Mixed response from resident vs. non-resident to LBJ rates
Far from the public outcry for the previous hike in LBJ’s fees that led to their being rescinded, LBJ hospital’s new rates quietly went into effect yesterday at 8 a.m., and were met with a mixed response from visitors, with a telling difference in reactions from residents versus non-residents.
For non-residents, rate hikes are much higher in certain areas. For example, outpatient clinic visits are $20 which is “due at time of service” and $85 is the “balance due later”.
For an Emergency Department visit, it’s $30 “due at time of service” and $100 is the “balance due later”.
Visits to the Medical, Surgical, OB/GYN and Mental Health units are $50 “due at time of service” and $695 is the “balance due later”.
Samoa News spoke to a non-resident Samoan man who went in to see the doctor at the Emergency Room around 9 a.m. for an injury to his arm. He said he was surprised to hear about the new fee.
“$30 is just too much for me, I have three girls who are in school and given that our hours are cut back from work, this is another burden” he said.
The man said it will take a long time before he and his family will be considered legal residents in the territory because they only moved here four years ago. “We came here to seek a future for my three children, but then, all these fees charged to non-residents are just too much.”
After speaking with Samoa News, the man left the hospital saying he would rather get herbs to put on his arm than spend $30 to see the doctor, because it’s not just seeing the doctor, it’s also the medication that may be prescribed for him. (Prescription prices remain the same, at $10 each prescription for both residents and non-residents.)

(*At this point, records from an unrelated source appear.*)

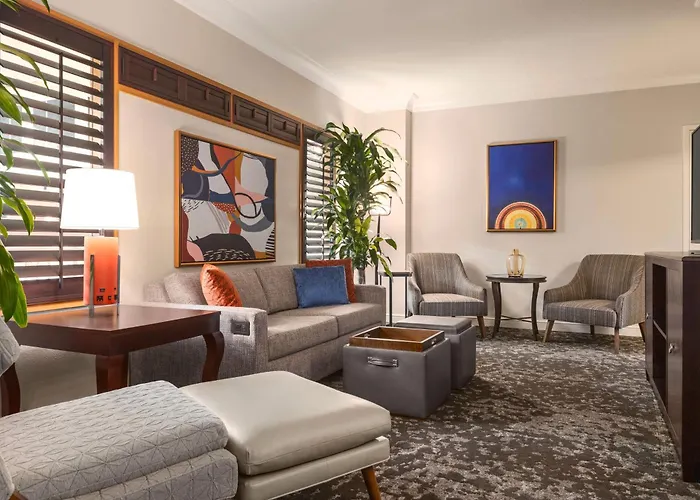 Best Hotels Near Tranquil Lake Bryan in Orlando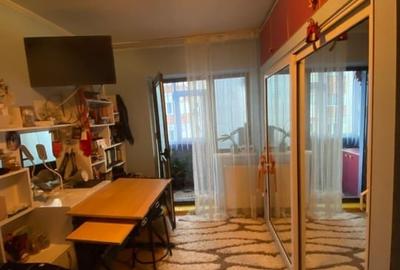 Apartament cu 3 camere decomandat, mobilat în 1 Mai - 7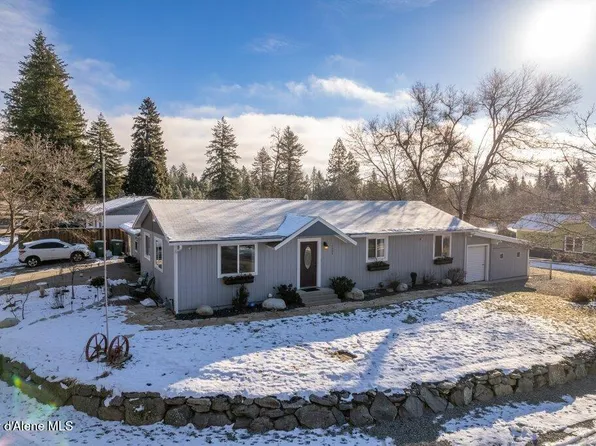 15880 N Kootenai St, Rathdrum, ID 83858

A Samoan couple inside the Emergency Room said they were lucky — they got to the hospital before 8 a.m. so they paid only $10. However the man said it’s disappointing that even with the new fee hikes, the service is still slow.
Samoa News met with up with two foreign fishermen who said they don’t care how much the fee is — they are not paying for it — their agent pays all costs if they need to see a doctor.
One of the cashiers told Samoa News that members of the public who went to see the doctor at the Emergency Room were “pretty much okay with the fees.”
A security guard told Samoa News that not many people have complained to the cashiers about the fee hike. “I guess the public knew the fees would go up today (Monday)”.
A pregnant woman, Nadia Leo said that every visit to see the doctor is $20 if you are not on the trimester program. “I think if I get pregnant again I’ll make sure to sign up during my first trimester so I can be eligible for this program,” she said. (The LBJ program qualifies pregnant women, who register during their first trimester, for free prenatal care.)
Malie Finau of Nu’uuli said these new fees are more acceptable than the $50 fees that were implemented before. “Despite the increase from $10 to $20, which is a little bit high, it’s way better than the $50 fee, so I won’t complain. I’ll just thank the LBJ management that the fees are something I can live with,” she told Samoa News.
In general — for residents—most Outpatient Clinic visit fees will increase from $10 to $20; while Emergency Department visit fees will increase from the $10 (Day) and $20 (Night) to $30 — anytime.
Outpatient Clinic visits include Dental, ENT, Family Medicine, Family Planning, Mental Health, OB/GYN, Ophthalmology and surgery.
Most ambulance service — provided by the Emergency Medical Service (EMS) — will be $20 per trip, plus mileage, while Advanced Life Support (which is very rare) will be $40 per trip, plus mileage. According to the LBJ fee schedule, ambulance milage is $3 per transport mile.
Medical, Surgical, OB/GYN and Mental Health units are $50 per day while it’s $30 per day for Pediatric, Nursery or Neonatal ICU Nursing units and $100 per day for Intensive Care Unit, according to the fee schedule.
LBJ says that prescription fees are unchanged; Most Adult Inpatient Daily Fees are unchanged; Ultrasound, CT Scan and Fluoroscopy Study Fees have decreased; and Mammography Fees are unchanged.
(It should be noted that the Mammogram machine was reported as broken, during the LBJ public hearing for the fee hikes, two weeks ago.)
LBJ CEO Mike Gerstenberger told Samoa News earlier that “The mission of the LBJ Tropical Medical Center is to provide care, not to deny care. If anyone feels they cannot afford these fees, they are encouraged to contact our Collections Department and inquire about the Sliding Scale Discount Program,” he said.
“The Hospital also continues to offer the Prenatal Clinic Discount for expectant families and a daily ceiling on fees for pediatric patients,” he said, adding that new weekly fee ceilings for Dialysis and Outpatient Rehabilitation patients will also be implemented on July 2.